←Select platform

ParsePages Method

Summary

Parses the objects such as text items (characters), images, rectangles, annotations, form fields, digital signatures, hyperlinks and fonts from one or more PDF pages

Syntax

Java

C++

public void ParsePages(  
   Leadtools.Pdf.PDFParsePagesOptions options, 
   int firstPageNumber, 
   int lastPageNumber 
)

Public Sub ParsePages( _ 
   ByVal options As Leadtools.Pdf.PDFParsePagesOptions, _ 
   ByVal firstPageNumber As Integer, _ 
   ByVal lastPageNumber As Integer _ 
)

public void parsePages(int pdfParsePagesOptions, int firstPageNumber, int lastPageNumber)

public: 
void ParsePages(  
   Leadtools.Pdf.PDFParsePagesOptions options, 
   int firstPageNumber, 
   int lastPageNumber 
)

Parameters

options
One or more PDFParsePagesOptions enumeration member that specify the types of objects to parse.

firstPageNumber
1-based index of the first page number to parse. Must be greater than or equal to 1 and less than or equal to the number of pages in the document.

lastPageNumber
1-based index of the last page number to parse. Must be greater than or equal to firstPageNumber and less than or equal to the number of pages in the document.

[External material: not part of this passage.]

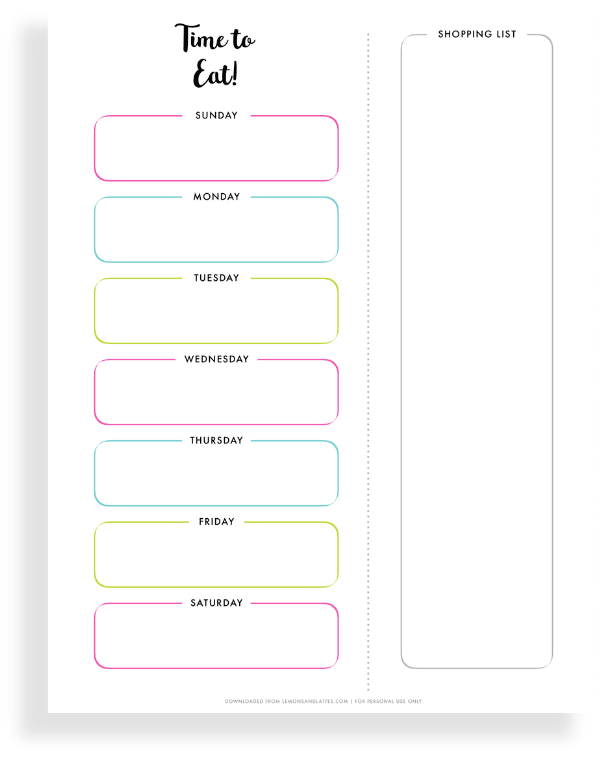 weekly meal planner with shopping list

Use the special value of -1 to represent the last page in the document.

Remarks

When a PDFDocument object is created, the pages of the PDF document are already parsed and populated in the PDFDocument.Pages collection. Each page may contain other objects such as text items (characters), images, rectangles and hyperlinks, annotations, form fields, digital signatures as well as the fonts used in these items. These items are not parsed automatically for performance reasons. Instead, you must call the ParsePages method with the page ranges you are interested in (or all pages) and type of items to parse.

Initially, the values of the PDFDocumentPage.Fonts, PDFDocumentPage.Objects, PDFDocumentPage.Hyperlinks, PDFDocumentPage.Annotations, PDFDocumentPage.FormFields and PDFDocumentPage.Signatures lists of each PDFDocumentPage will be set to null. When the ParsePages method is called, the corresponding list will be populated with the items found in the page.

You can parse any type of item you are interested in, this is done through the

options
One or more PDFParsePagesOptions enumeration member that specify the types of objects to parse.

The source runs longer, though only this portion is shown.